An irrationality result for a recursive construction (Q2236581)

Let \(\{q_j\}_{j-1}^\infty\) be a sequence of non-zero complex numbers. Set recursively \[ a_{k,1}=\sum_{j=k}^\infty\frac 1{q_jq_{j+1}},\tag{1} \] \(a_{k,n}=\sum_{j=k}^\infty\frac {a_{j+2n-1}}{q_jq_{j+1}}\) for (\(n\geq 2\)) and \(f_k(x)=1+\sum_{n=1}^\infty a_{k,n}x^n\). Assume that there exists a fixed integer \(m_0\) such that \(m_0q_j\) is a Gaussian integer for all \(j\in\mathbb Z^+\).

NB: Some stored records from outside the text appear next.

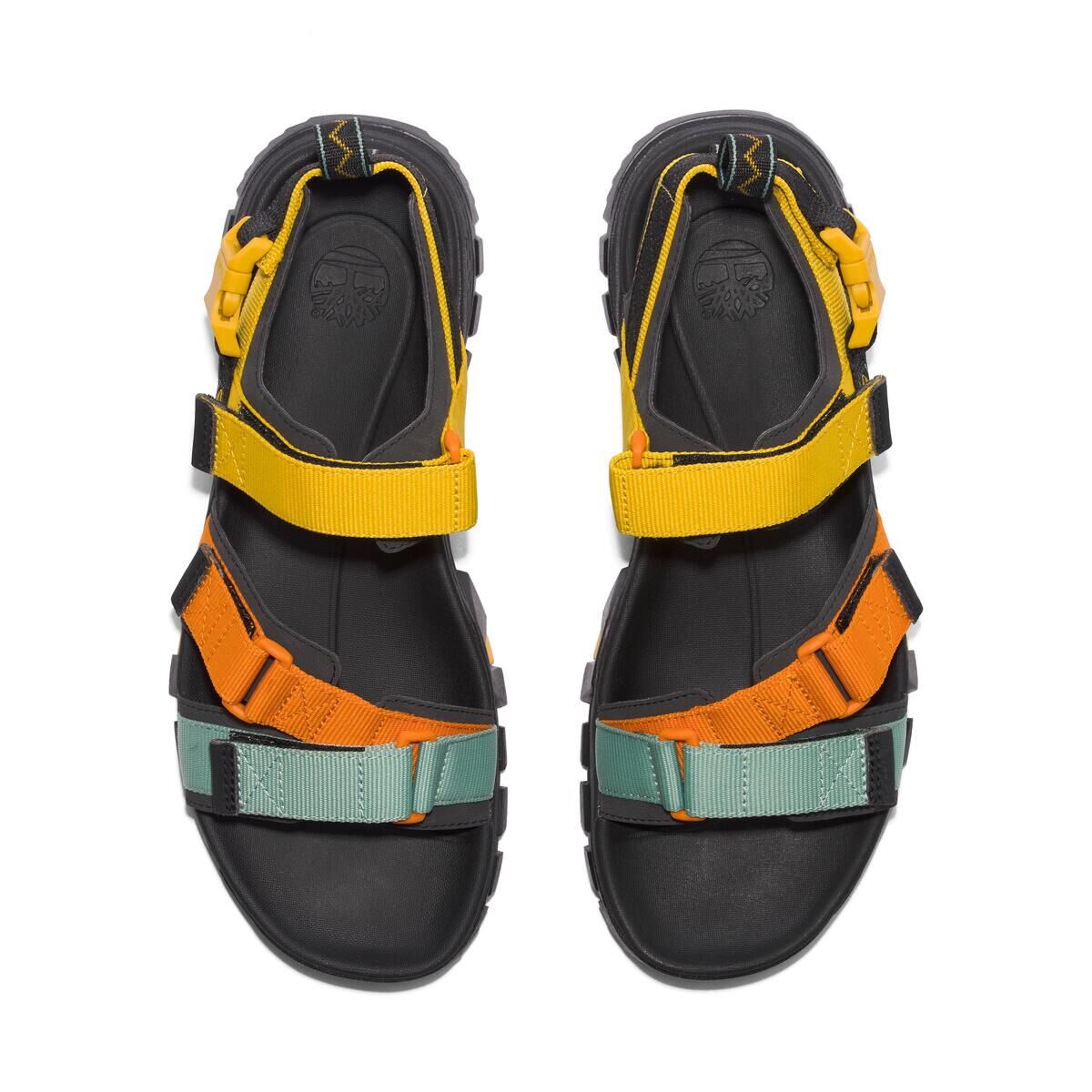 BACKSTRAP SANDAL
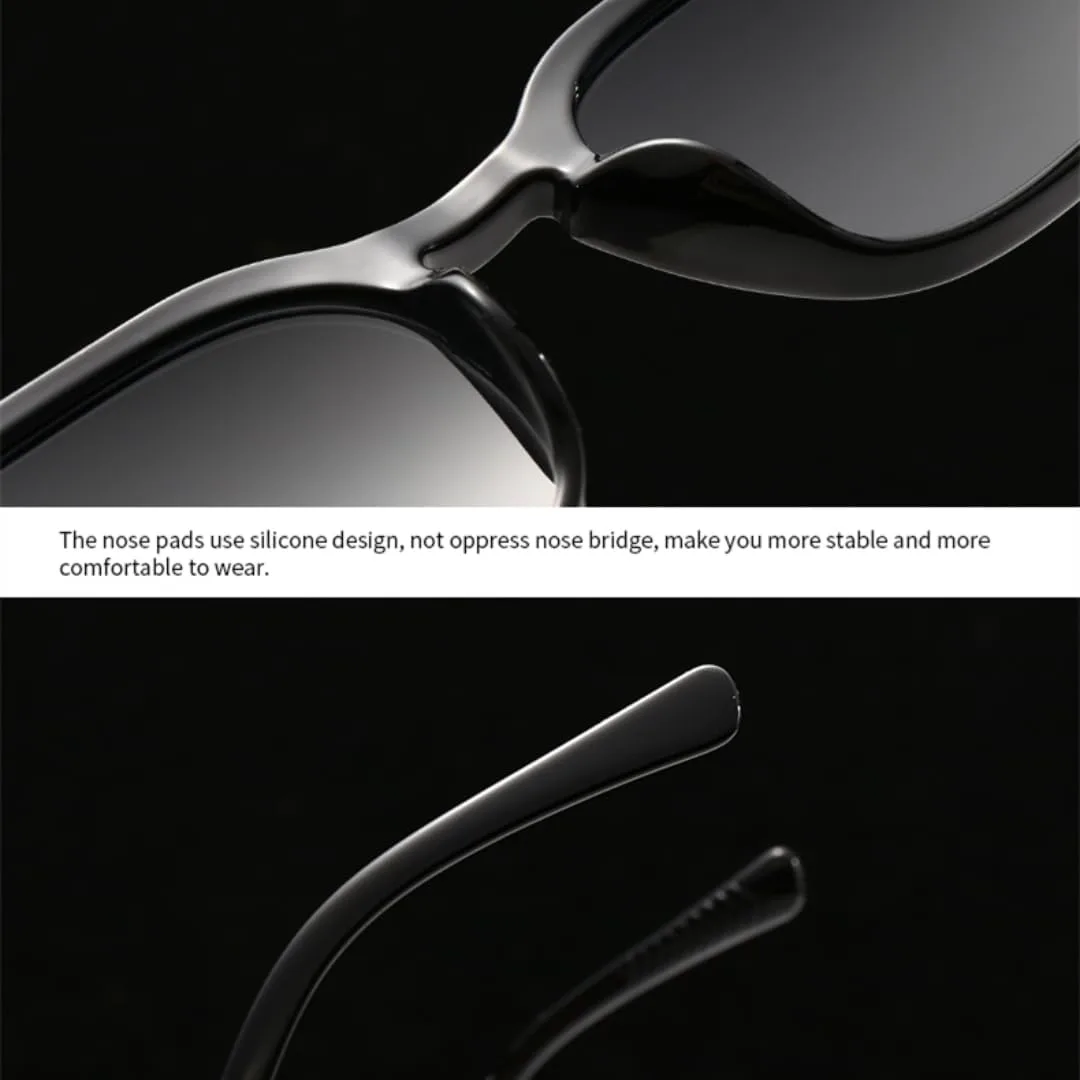 Солнцезащитные очки с защитой UV400 | Круглая легкая оправа, цветные линзы | Для женщин и мужчин, для занятий спортом на открытом воздухе и вождения DSVIGF, Yellow
Солнцезащитные очки с защитой UV400 | Круглая легкая оправа, цветные линзы | Для женщин и мужчин, для занятий спортом на открытом воздухе и вождения DSVIGF, Yellow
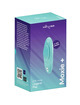 We-vibe - moxie + vibrador clÍtoris aqua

Then the author proves that if there exists \(c_0>0\) such that: 1. If \(\frac 1{\mid q_j\mid}\leq \frac {c_0}j\) for all \(j\in\mathbb Z^+\) then all \(f_k(x)\) are entire functions. In addition if \(x\not= 0\) is a Gaussian rational then \(f_k(x)\not= 0\) and \(\frac {f_{k+1}(x)}{f_k(x)}\) cannot be a Gaussian rational for all \(k\in\mathbb Z^+\). 2. If the series (1) converges and \(\frac 1{\mid q_j\mid}\leq \frac {c_0}{\sqrt j}\) and \(\mid a_{k,1}\mid \leq \frac {c_0}{\sqrt k}\) for all \(j, k\in\mathbb Z^+\) then all \(f_k(x)\) have radius convergence \(\geq \frac {\sqrt 3}{c_0^24}\). In addition if \(x\not= 0\) is a Gaussian rational with \( \frac {c_0^24x}{\sqrt 3}<1\) then \(f_k(x)\not= 0\) and \(\frac {f_{k+1}(x)}{f_k(x)}\) cannot be a Gaussian rational for all \(k\in\mathbb Z^+\).